[Exercise details]
Print the lines in the listing below starting at the line with "The Hard Rockets w Old Timers Garage" and ending at the line with "lot 355 image: Ammco Air Jack", both included. Reproduce them exactly and omit every picture.

[Listed records]
++++++++++

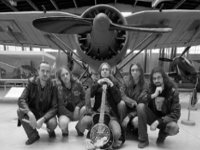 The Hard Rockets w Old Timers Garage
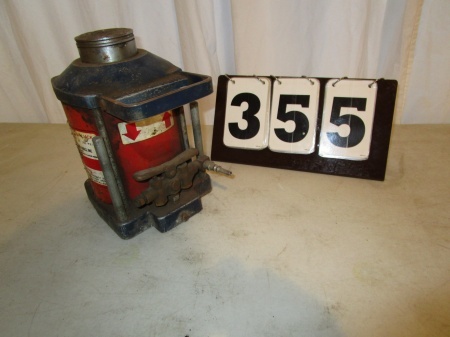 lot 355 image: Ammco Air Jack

++++++++++

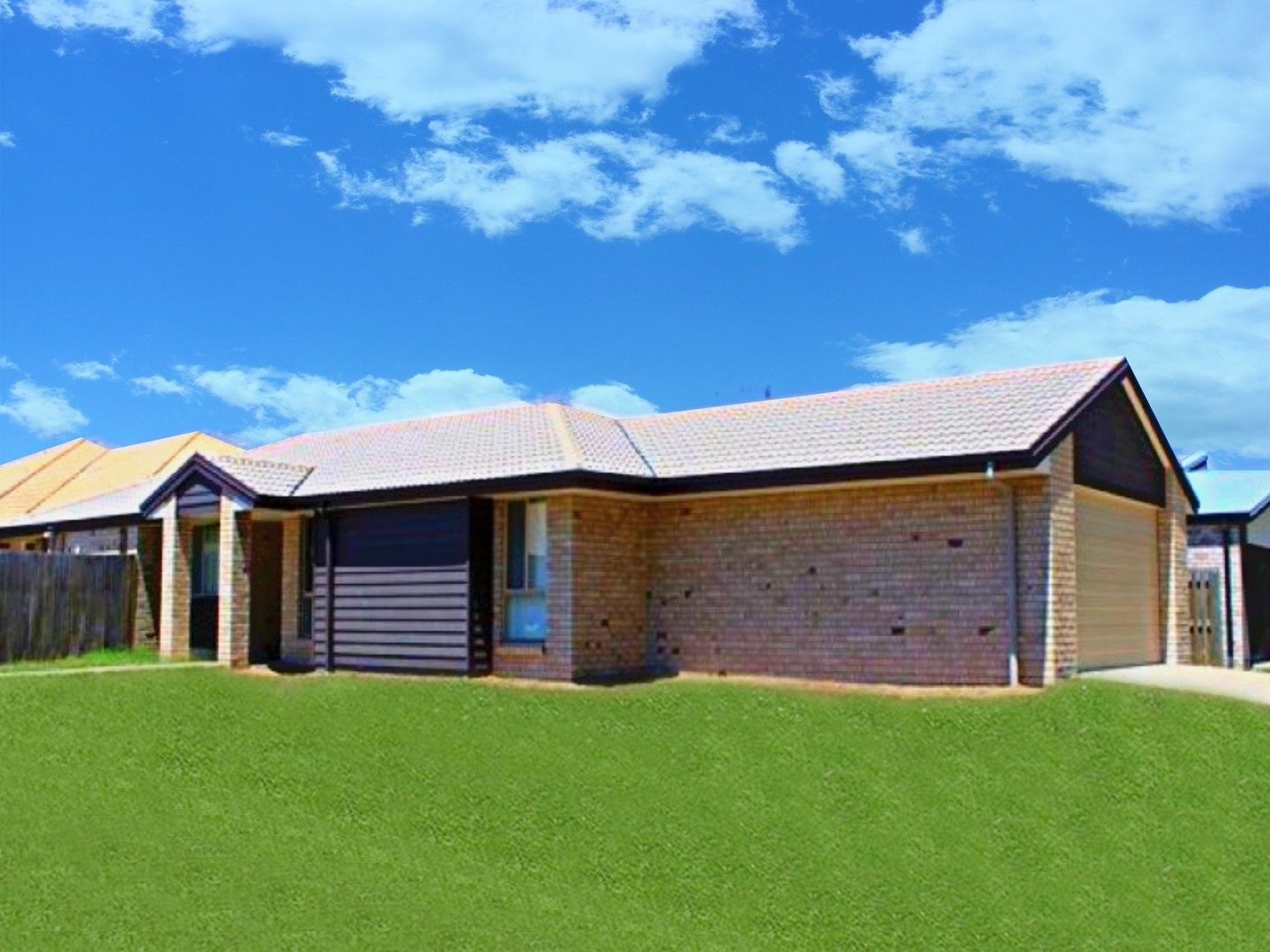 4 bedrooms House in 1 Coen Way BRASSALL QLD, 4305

++++++++++

[Output below]
 The Hard Rockets w Old Timers Garage
 lot 355 image: Ammco Air Jack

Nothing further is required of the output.